A fundamentally driven long/short equity fund focused on the European Industrials sector is seeking a Data Engineer for a variety of greenfield development. Founded by a former Citadel portfolio manager, the team brings together expertise from leading global institutions such as Citadel, DE Shaw and Millennium. They combine rigorous data analysis with industry insight to anticipate industrial cycles ahead of the market, acting decisively when conviction and evidence align.

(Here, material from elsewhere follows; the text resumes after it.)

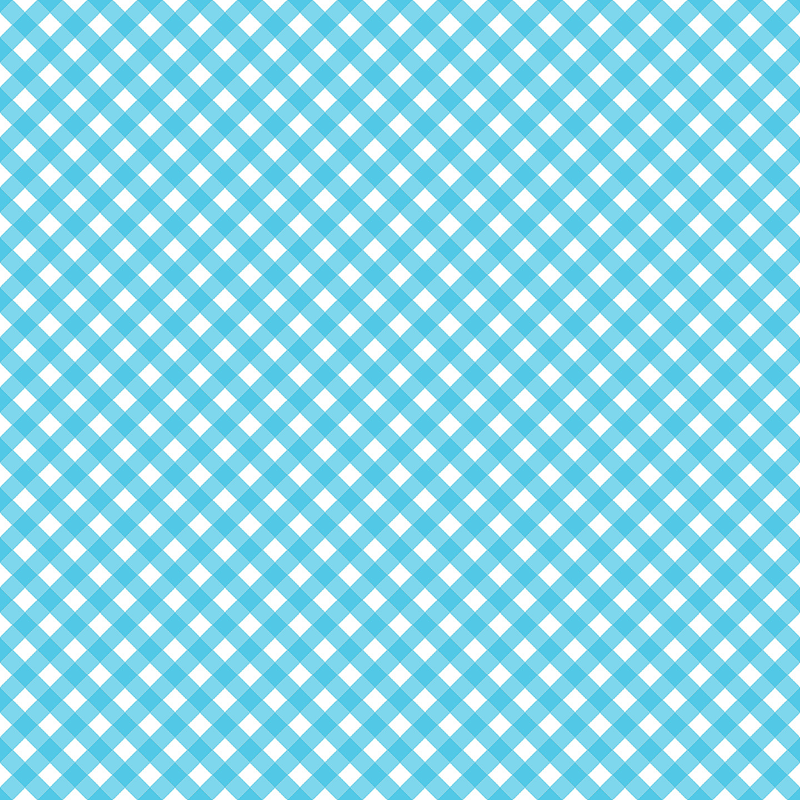Tecido Tricoline Stickers Fundo Xadrez Azul com Branco - Meia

We are seeking a highly skilled Data Engineer to design, build and maintain the core data infrastructure powering the investment and risk processes. This is a fully hands‑on role within a small, high‑calibre team, offering significant impact and ownership. You will develop robust, production‑grade ETL pipelines, manage cloud‑based and on‑prem data environments, and integrate diverse datasets from external vendors, trading systems and internal sources. The role also involves implementing automated data validation processes, optimising data quality and performance, and ensuring high availability across all systems.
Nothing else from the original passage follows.